Publication number: EP2489819B1
Application number: EP12154870.5A
Authority: EP
Inventors: Jukka Salomaa
Original assignee: Abloy Oy
Current assignee: Abloy Oy
Priority date: 2011-02-17
Filing date: 2012-02-10
Publication date: 2018-10-17
Anticipated expiration: 2032-02-10
Also published as: DK2489819T3; FI20115149A0; FI20115149A; FI20115149L; FI123290B; EP2489819A3; EP2489819A2

Description

Field of technology

This invention relates to hinges to be installed on doors, for example. In particular, the invention relates to hinges with a height adjustment.

Prior art

Hinges are typically used for attaching a turnable part to a frame structure, such as attaching a door to a wall structure at the door opening so that the door can be turned open and closed. A hinge consists of two main parts: a frame leaf and a door leaf. The frame leaf is a part to be primarily fastened to the frame (edge element of the door opening). In addition to the actual leaf part (plate-type part), it comprises a frame leaf rolling. A pin may have been attached to the rolling. Such a frame leaf is often also called a pin leaf. The door leaf is a part to be primarily fastened on a door, and it also comprises a rolling (door leaf rolling) in addition to the actual leaf part. The protruding part of the frame leaf pin is inside the door leaf rolling. A hinge can also be implemented the other way round, meaning that the pin is fastened to the door hinge rolling and the pin protrusion is fitted into the frame leaf rolling. A pinless (door leaf or frame leaf) rolling may also have different types of solutions for improving durability. It is known from prior art to use ball bearings around the pin. However, a ball bearing solution is expensive and does not apply to hinges with a height adjustment.
US 3007193 shows a known solution wherein a ball is used with an adjustment screw for providing minimum frictional resistance. DE 8517909.4 shows another solution having also a ball in the hinge.
Another prior art solution has been the use of a steel ball between the pin and the height adjustment screw on the pinless leaf. In this solution, the diameter of the hole in the rolling is larger at the free end of the rolling (the end that is not against the other hinge leaf) than at the end towards the hinge pin, which is also a relatively expensive solution. These solutions have been used in the past but have primarily been discontinued at present because less expensive solutions exist. A solution commonly used today is a plastic sliding bearing between the pin and the height adjustment screw. The plastic sliding bearing is a pin with flexible parts (such as plastic claws) on the outer edges. A plastic bearing is applicable to hinges with a height adjustment. However, the problem with a plastic bearing is that it is too flexible, particularly with the heaviest door weights. Also, the level of requirements for hinges has increased and plastic bearings are not considered strong enough, for example in long-term use.

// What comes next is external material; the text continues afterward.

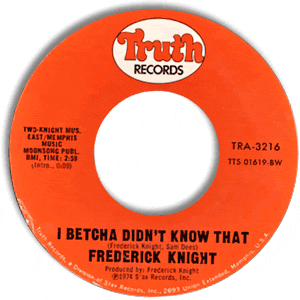 I Betcha Didn't Know That/ Let's Make A Deal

Short description of invention

The objective of the invention is to create an inexpensive hinge with a height adjustment that would be sufficiently strong for current needs. The objective will be achieved as described in the independent claim. The dependent claims describe various embodiments of the invention.
The invention, as defined by claim 1, uses a metal ball and a retaining ring between the pin and the height adjustment screw to create a bearing that reduces wear and tear. The retaining ring holds the metal ball within the hinge leaf rolling if the leaf parts are separate. However, the retaining ring allows the ball to move if the height adjustment screw is turned.

List of figures

In the following, the invention is described in more detail by reference to the figures of the enclosed drawings, where

Figure 1: illustrates an example of a hinge according to the invention in an exploded view,
Figure 2: illustrates an example of a hinge according to the invention with the door leaf rolling cut out,
Figure 3: illustrates another example of a hinge according to the invention,
Figure 4: illustrates an example of a retaining ring according to the invention,
Figure 5: illustrates the example of Figure 4 from another angle, and
Figure 6: illustrates another example of a retaining ring according to the invention.

Description of the invention

Figure 1 illustrates a hinge 1 according to the invention. The frame leaf 3 has a pin 6 attached to the frame leaf rolling 5 as known from prior art. The pin 6 forms a protrusion that is intended to be fitted into the rolling 4 in the door leaf 2. The door leaf rolling 4 comprises a height adjustment screw 9 that can be used to adjust the height position of the door or similar element at installation time. There is a metal ball 7 and a retaining ring 8 between the height adjustment screw 9 and the pin 6 to create a bearing that reduces wear and tear. In addition, there can be a covering head 10 at the ends of the hinge rollings.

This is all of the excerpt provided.